↓↓↓

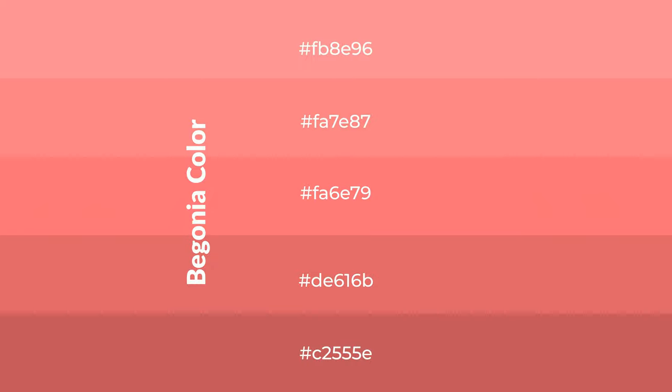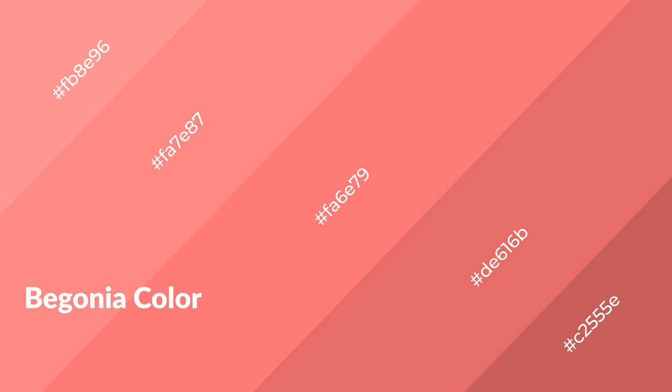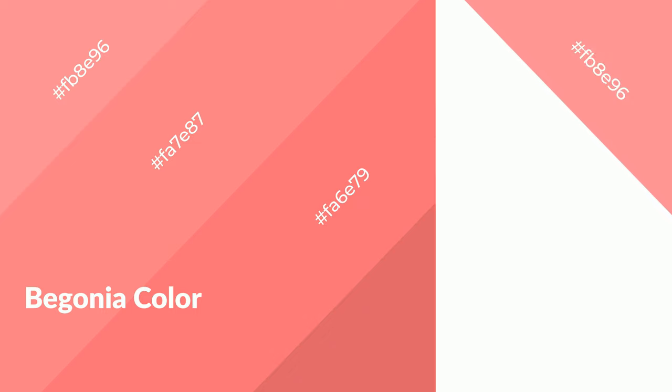Shades are used in patterns, 3D effects, and layers — they create depth and drama. Begonia is a warm color and it emits cozier and active emotions. Warm colors are symbols of warmth, fire, heat, and sunshine.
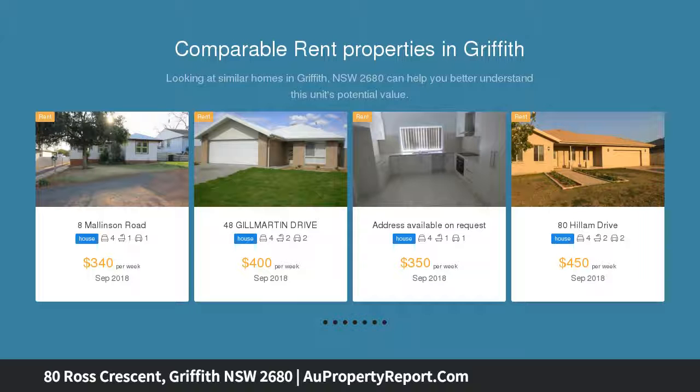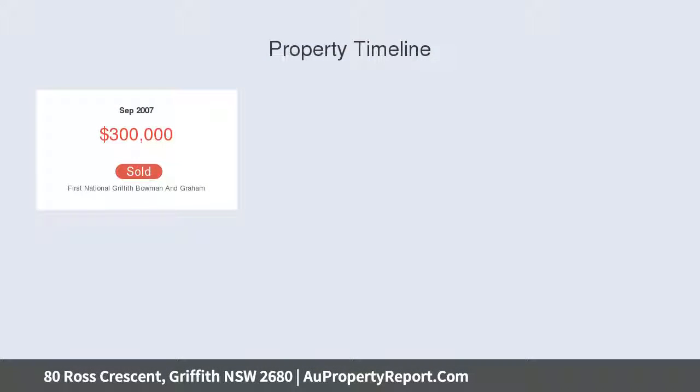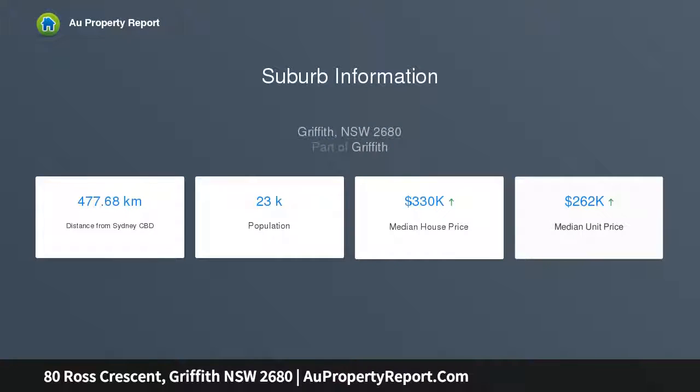Set over 2 levels and on a good size block, this property offers something for everyone both indoors and out. As you enter via the double doors you are met with a large open space that feels bright and welcoming thanks to the double height ceilings, ceiling fans and neutral palette. Here a large living space, big enough to host the entire family, opens onto an oversized sunroom, ideal for use as a games room complete with built-in barbecue and large windows overlooking the backyard.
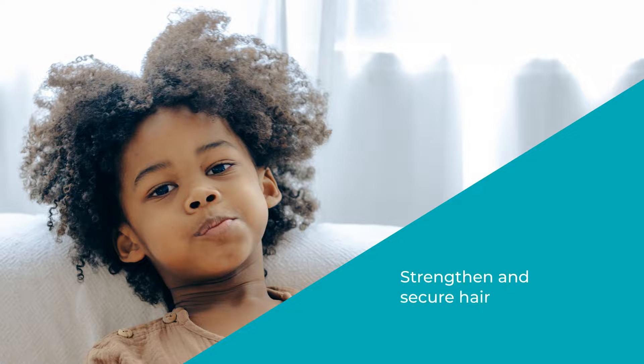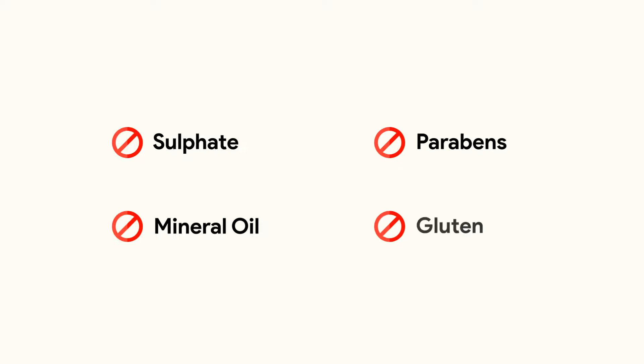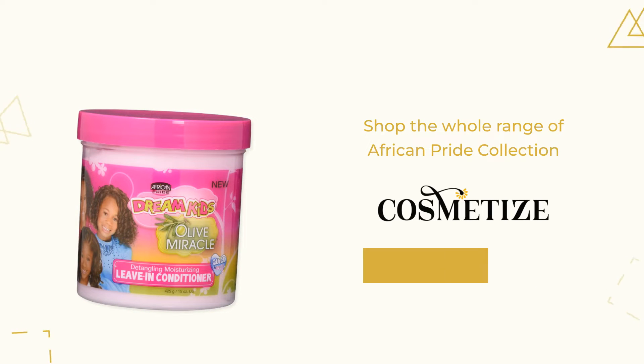This featherlight oil strengthens and secures hair while promoting healthy hair growth. It is free of sulfates, mineral oil, parabens, and gluten. Shop the whole range of African Pride collection at Cosmetize UK.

↑↑↑

WHAT IS BEING ASKED - The answer is the run of lines from the one with "Set over 2 levels" through the final line of the data, copied exactly, and nothing else; no pictures.

SOLUTION -
Set over 2 levels and on a good size block, this property offers something for everyone both indoors and out. As you enter via the double doors you are met with a large open space that feels bright and welcoming thanks to the double height ceilings, ceiling fans and neutral palette. Here a large living space, big enough to host the entire family, opens onto an oversized sunroom, ideal for use as a games room complete with built-in barbecue and large windows overlooking the backyard.
This featherlight oil strengthens and secures hair while promoting healthy hair growth. It is free of sulfates, mineral oil, parabens, and gluten. Shop the whole range of African Pride collection at Cosmetize UK.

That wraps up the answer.